The concern for getting new investment into the oil fields affects planning for a large natural gas pipeline and liquefied natural gas export project, too.

BP, ConocoPhillips and ExxonMobil senior managers all said at the Resource Development Council annual conference this past November that continued oil production is needed to support gas production, and a reduction in the oil tax is needed to secure new investment.

Bilbao, at BP, said in the interview that oil must continue to support the producing infrastructure.

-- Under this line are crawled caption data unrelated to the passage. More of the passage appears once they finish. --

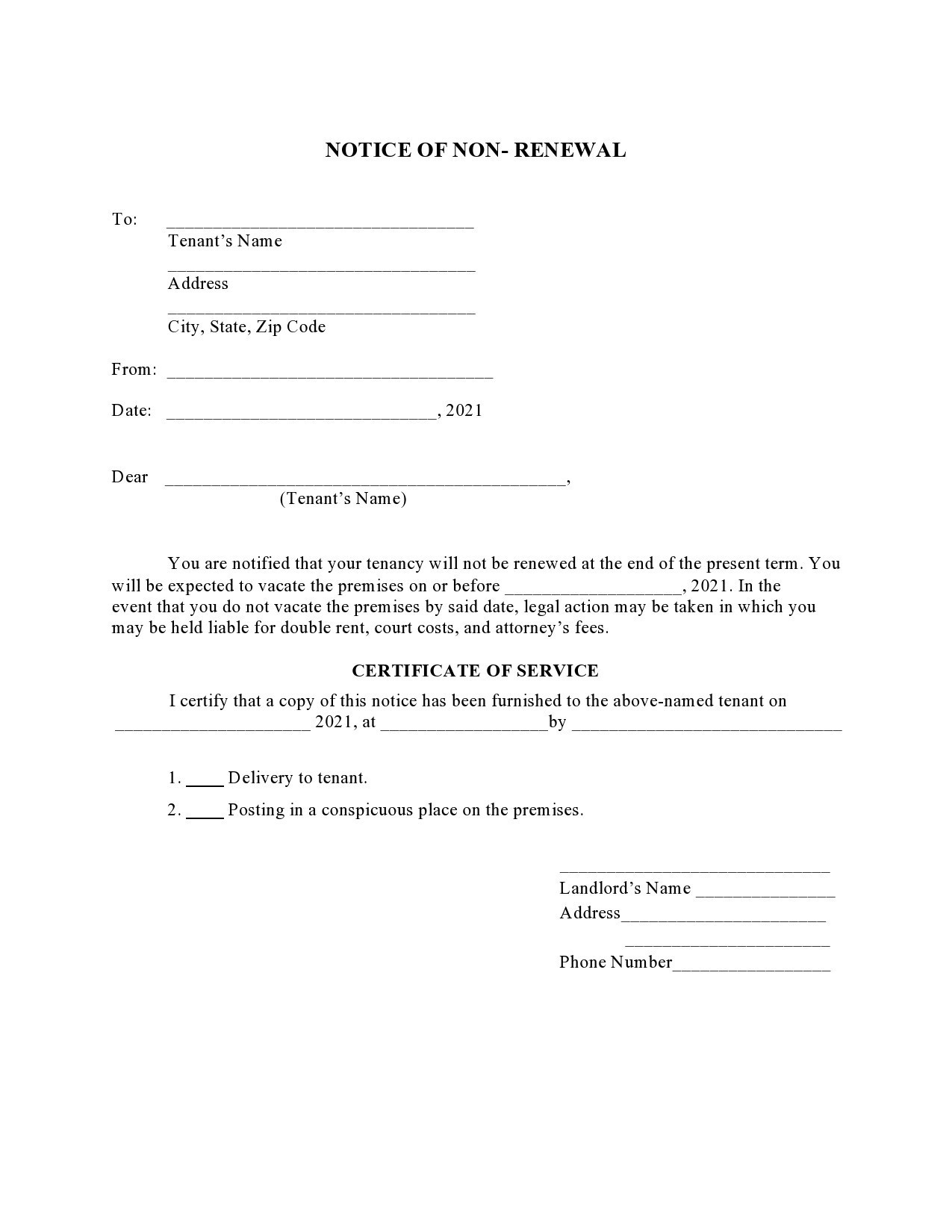 Free not renewing lease letter 18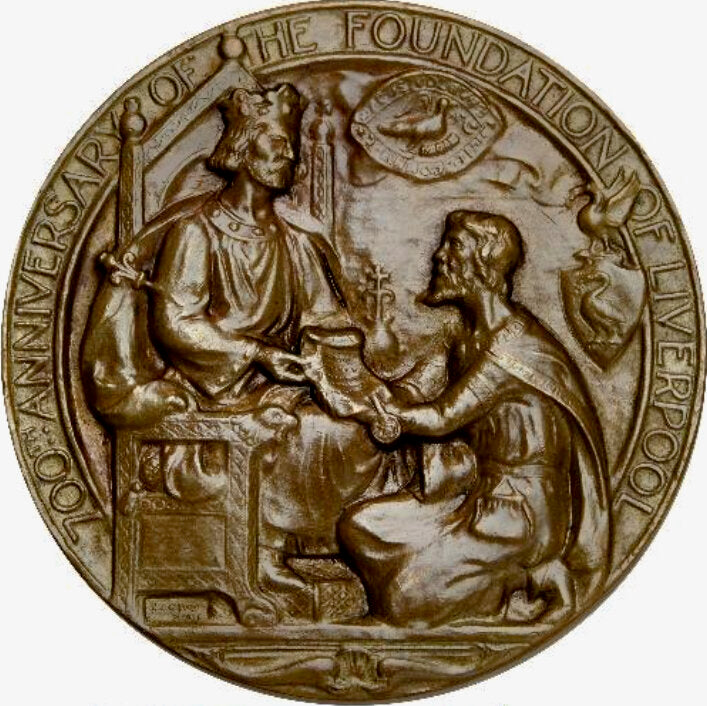 1907 Liverpool 700th anniversary 64mm bronze medal by Charles Allen BHM 3952 E1898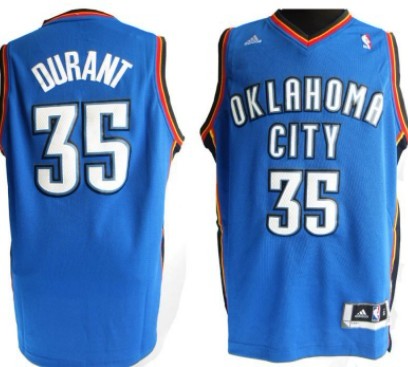 Oklahoma City Thunder #35 Kevin Durant Revolution 30 Swingman Blue Jersey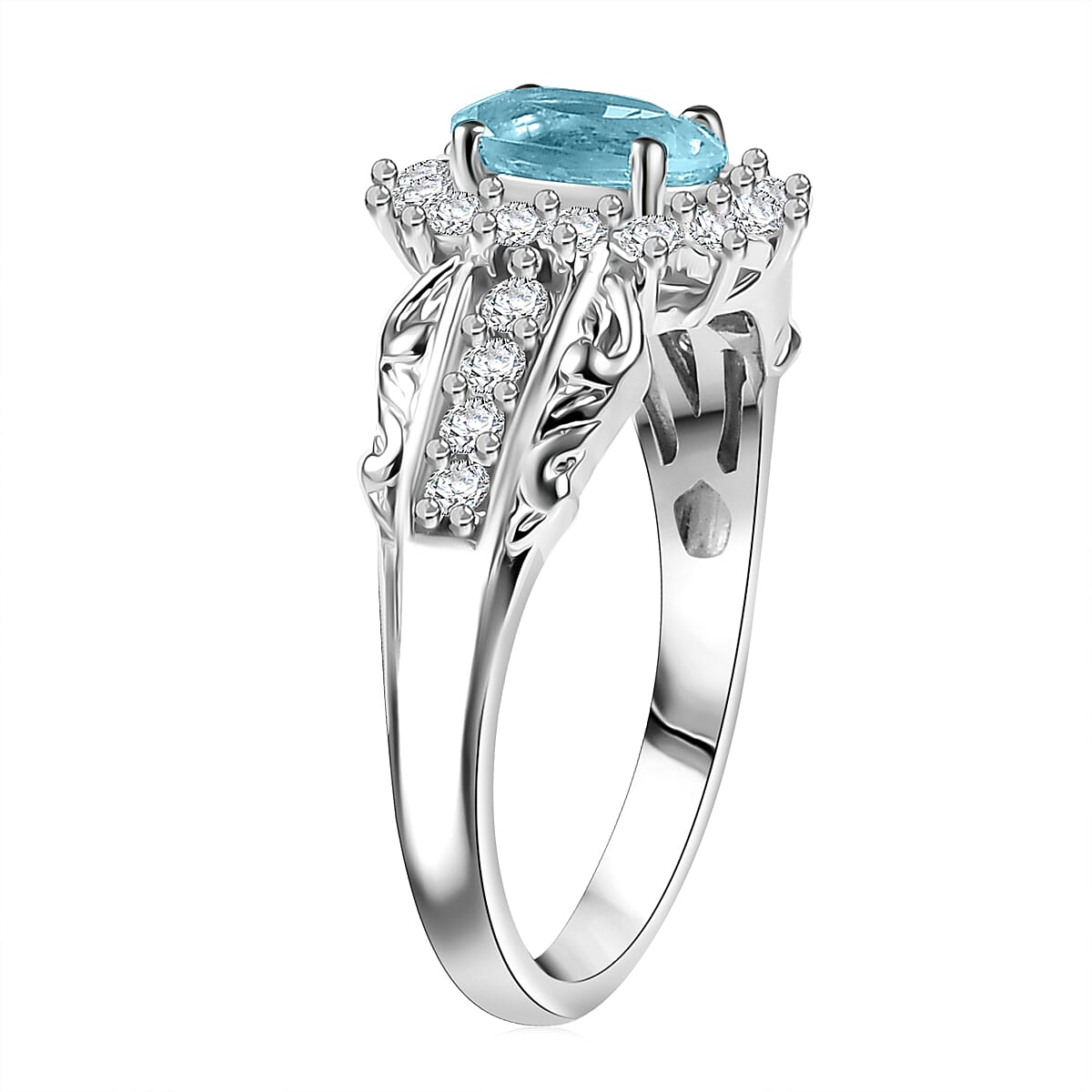 D'Joy Blue Zircon and White Zircon 1.90 ctw Ring in Rhodium Over Sterling Silver (Size 5.0)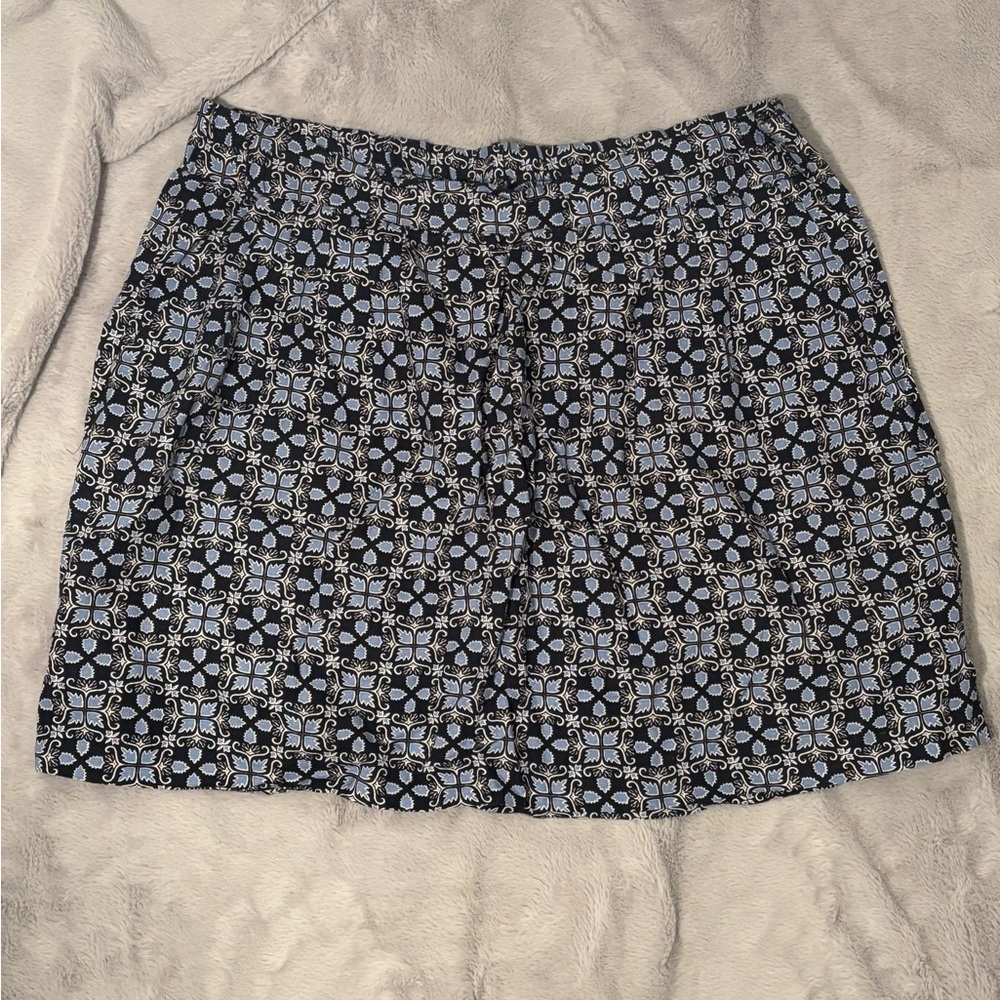 LOFT Blue Patterned Mini Skirt Casual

“When we look at LNG we are assuming a zero cost of supporting the production infrastructure. All the costs of supporting (field) pipelines and wells must be paid by oil, not LNG,” he said.

Maintaining existing infrastructure is vital because much of the known gas on the North Slope will be produced existing wells and facilities, Bilbao said. While this is a big plus for the Alaska gas project, in that little upstream investment is needed, the companies also don’t want to load several billion dollars per year of maintenance costs on top of an already-burdened gas and LNG project.

“Gas production could begin sometime after 2023 based on contracts over 20 to 30 years,” Bilbao said. “By 2050 and 2060 we will have 90-year-old production infrastructure at Prudhoe Bay. The only way this will work is if we know, at the time of sanction (2016) that LNG won’t have to carry the cost of (supporting) the oil facilities,” that there will be enough new oil production from the field to support operations and maintenance.

BP, ConocoPhillips, ExxonMobil and TransCanada, a pipeline company, are now engaged in the “concept selection” stage of the big gas project, which among other issues involves which south Alaska port, either Valdez or the Kenai Peninsula would be best for the pipeline terminus and LNG plant.

Once a concept is selected, which could be done by the end of February, the next decision is whether to commit to pre-Front End Engineering and Design for the project. This could happen by mid-year but it could be earlier, according to company officials interviewed.

Pre-FEED will involve “several hundreds of millions” of dollars in expenditures for engineering and would represent the first substantial spending on the LNG export plan. The State of Alaska is pushing the companies for faster action.

“We’d like an earlier commitment to pre-FEED, by February,” Alaska Natural Resources Commissioner Dan Sullivan has said in interviews.